A.                 Était-il déraisonnable pour l’agent d’accorder peu de poids à la preuve par affidavit?

B.                 Était-il déraisonnable pour l’agent de conclure que les éléments de preuve sur la situation dans le pays en cause ne s’appliquaient pas au demandeur?

C.                 Le défaut de l’agent de prendre en compte le risque d’incarcération et de torture du demandeur était-il déraisonnable?

[16]           Je suis d’avis que le défaut de l’agent de prendre en compte les éléments de preuve et d’examiner le risque allégué d’incarcération et de torture, auquel M. Hussain serait exposé s’il retournait au Pakistan en raison de son expulsion du Canada, rend la décision déraisonnable et est déterminant dans l’examen de la présente demande.

V.                 Norme de contrôle

[17]           Les parties reconnaissent que les décisions portant sur des demandes d’ERAR constituent des questions de droit et de fait qui doivent être examinées en regard de la norme de la décision raisonnable (Benko c. Canada (Citoyenneté et Immigration), 2017 CF 1032, au paragraphe 15). Durant un examen fondé sur la norme de la décision raisonnable, la cour de révision doit déterminer si le processus décisionnel reflète les éléments de la justification, de la transparence et de l’intelligibilité, et si la décision appartient aux issues possibles acceptables au regard des faits et du droit (Dunsmuir c. Nouveau-Brunswick, 2008 CSC 9, au paragraphe 47).

VI.              Analyse

[18]           Dans sa demande d’ERAR, M. Hussain soutient que, s’il retournait au Pakistan, il serait exposé à des risques : (1) de la part de la famille de son ex-épouse et (2) de la part des autorités pakistanaises qui pourraient l’incarcérer à son retour, ce qui l’exposerait à une véritable menace à sa vie, à un risque de torture ainsi qu’à un risque de peines cruelles et inusitées compte tenu des conditions dans les prisons du Pakistan.
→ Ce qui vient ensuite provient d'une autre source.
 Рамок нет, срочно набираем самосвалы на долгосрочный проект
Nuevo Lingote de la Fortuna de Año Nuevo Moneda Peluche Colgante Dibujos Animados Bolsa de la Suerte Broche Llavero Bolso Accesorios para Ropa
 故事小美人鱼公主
[19]           En ce qui a trait au risque d’incarcération, M. Hussain a reconnu dans ses observations présentées à l’agent qu’il n’existe aucun élément de preuve indiquant qu’il figure sur une liste de surveillance au Pakistan. Cependant, dans sa demande d’ERAR, il invoque un rapport publié le 9 août 2013 et intitulé United Kingdom: Home Office, Country of Origin Information Report – Pakistan. Il cite un extrait de ce rapport, où il est indiqué que la Federal Investigation Agency du Pakistan fait enquête sur toutes les personnes qui sont expulsées vers le Pakistan, et que la participation à des activités illégales peut mener à des accusations. Il allègue que son expulsion pour cause de non-admissibilité pour des raisons d’ordre criminel – des renseignements que les autorités canadiennes communiqueraient aux autorités pakistanaises – l’expose donc à des risques.
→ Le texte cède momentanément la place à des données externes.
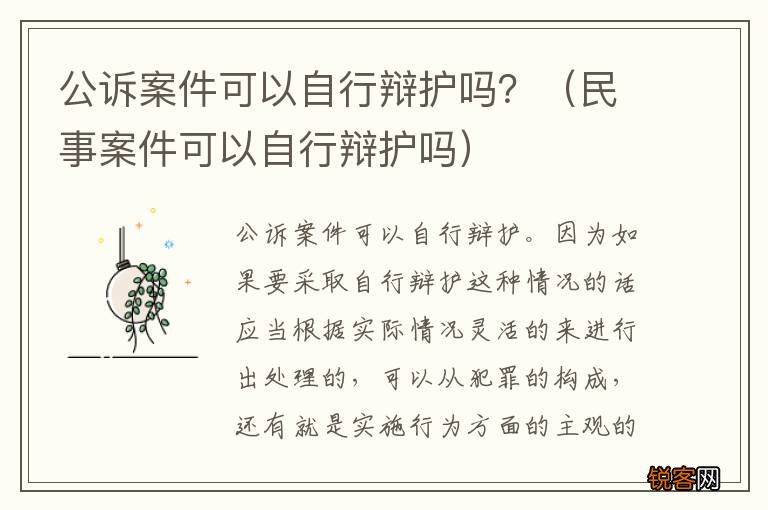 民事案件可以自行辩护吗 公诉案件可以自行辩护吗？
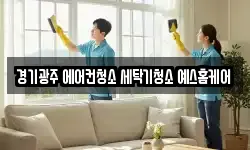 경기광주 에어컨청소 세탁기청소 예스홈케어
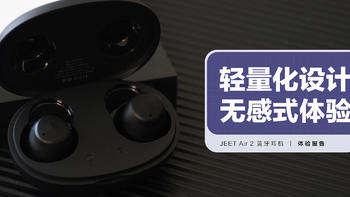 JEET Air 2蓝牙耳机：轻量化设计 无感式体验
[20]           La portion de la décision consacrée à la détermination des risques énonce avec justesse les risques allégués par M. Hussain, et la portion analyse de la décision examine en détail le risque de préjudice de la part de la famille de Mme Bi. L’agent énonce également d’autres risques liés à la violence et aux crimes d’honneur au Pakistan dans un paragraphe renvoyant à la documentation sur la situation dans le pays en cause, mentionnant ce qui suit :

[traduction] Je suis d’avis que les éléments de preuve documentaires qui m’ont été présentés ne permettent pas d’établir que des personnes au Pakistan s’intéressent au demandeur à cause des risques invoqués ou pour quelque autre motif. L’argument selon lequel le demandeur sera victime de préjudice s’il retourne au Pakistan, à cause des risques mentionnés ou pour quelque autre motif, est conjectural et n’est corroboré par aucun élément de preuve documentaire qui m’a été présenté.

[21]           Cependant, la portion analyse de la décision ne fait pas expressément mention du risque d’incarcération et de mauvais traitements de la part des autorités pakistanaises qui a été invoqué par M. Hussain.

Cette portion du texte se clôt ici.